Un réseau centralisé
Différentes régions du pays sont par ailleurs traversées par des montagnes, ce qui a compliqué la construction de voies ferrées et a parfois engendré des surcoûts. Mais là encore, les dirigeants ont défendu leur politique de la grande vitesse en expliquant qu’ils voulaient connecter l’ensemble des régions entre elles. Un argument remis en cause par l’économiste Germà Bel dans son livre intitulé España, capital París. Il y explique qu’au fur et à mesure que le réseau de grande vitesse se construisait, l’objectif restait le même : faire de Madrid le point névralgique du réseau, de façon à maintenir un système centralisé, comme en France, au détriment des retombées économiques et sociales.
Là encore, José María de Ureña Francés relativise. « Il faut prendre en compte que la ligne qui va de Madrid à Séville passe par Ciudad Real et par Puertollano, deux villes qui ont été désenclavées uniquement grâce au passage de l’AVE, précise‑t‑il. La grande vitesse a permis le développement de nombreuses communes de seconde zone. » Certaines régions autonomes sont cependant toujours hors du maillage ferroviaire, à l’image de la Galice, du Pays basque ou de l’Estrémadure.

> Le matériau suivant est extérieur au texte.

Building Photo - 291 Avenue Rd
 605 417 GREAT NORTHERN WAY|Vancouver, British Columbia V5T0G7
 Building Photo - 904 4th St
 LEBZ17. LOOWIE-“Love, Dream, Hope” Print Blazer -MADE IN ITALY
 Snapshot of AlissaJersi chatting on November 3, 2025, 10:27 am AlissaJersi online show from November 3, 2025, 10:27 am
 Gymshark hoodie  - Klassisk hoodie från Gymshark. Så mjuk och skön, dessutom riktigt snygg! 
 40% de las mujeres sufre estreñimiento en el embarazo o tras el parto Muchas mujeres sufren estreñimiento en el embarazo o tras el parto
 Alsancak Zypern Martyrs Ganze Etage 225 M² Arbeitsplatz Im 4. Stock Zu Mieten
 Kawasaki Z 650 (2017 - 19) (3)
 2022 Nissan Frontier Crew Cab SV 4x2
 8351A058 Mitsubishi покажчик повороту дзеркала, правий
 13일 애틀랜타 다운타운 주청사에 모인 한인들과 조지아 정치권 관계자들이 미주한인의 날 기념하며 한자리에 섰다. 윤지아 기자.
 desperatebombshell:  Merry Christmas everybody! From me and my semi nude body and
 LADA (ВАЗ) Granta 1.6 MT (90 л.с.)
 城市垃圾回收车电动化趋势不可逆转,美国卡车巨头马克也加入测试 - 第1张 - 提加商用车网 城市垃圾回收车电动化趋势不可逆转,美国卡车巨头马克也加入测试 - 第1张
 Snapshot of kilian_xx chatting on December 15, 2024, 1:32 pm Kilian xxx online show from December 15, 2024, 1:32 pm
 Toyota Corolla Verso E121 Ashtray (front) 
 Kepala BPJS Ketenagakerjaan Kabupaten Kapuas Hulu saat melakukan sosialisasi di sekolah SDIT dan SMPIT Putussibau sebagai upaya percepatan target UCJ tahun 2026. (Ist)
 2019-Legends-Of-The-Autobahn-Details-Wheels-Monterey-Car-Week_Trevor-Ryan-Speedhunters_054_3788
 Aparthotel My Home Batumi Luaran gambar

Dans ces provinces, les trains régionaux fonctionnent toujours, mais sont souvent mal connectés. Ainsi, il devient plus intéressant pour les usagers d’emprunter les autocars longue distance ou le covoiturage. Profitant des tarifs peu onéreux pratiqués aux péages espagnols, ces deux moyens de transport ont connu un véritable boom ces dernières années et concurrencent le train. Les compagnies aériennes low cost ont également porté un coup à l’économie ferroviaire, et il n’est pas rare, aujourd’hui, de trouver, pour un même trajet, un billet d’avion moins cher qu’un billet de train.
La libéralisation du rail en Europe, qui devrait être effective à partir de 2020, pourrait elle aussi faire bouger les choses. D’ici peu, des trains allemands, italiens ou français auront le droit de circuler librement en Espagne. Si cette mesure doit faire baisser les prix en faisant jouer la concurrence, elle risque d’exclure une nouvelle fois plusieurs régions du pays. « Ce qui va intéresser les compagnies étrangères, ce sont les services les plus rentables, à savoir les grandes lignes. Les principales villes du pays vont en bénéficier au détriment du reste de l’Espagne », estime José María de Ureña Francés. Reste à savoir si l’Espagne pourra aussi en tirer profit pour continuer à développer son réseau.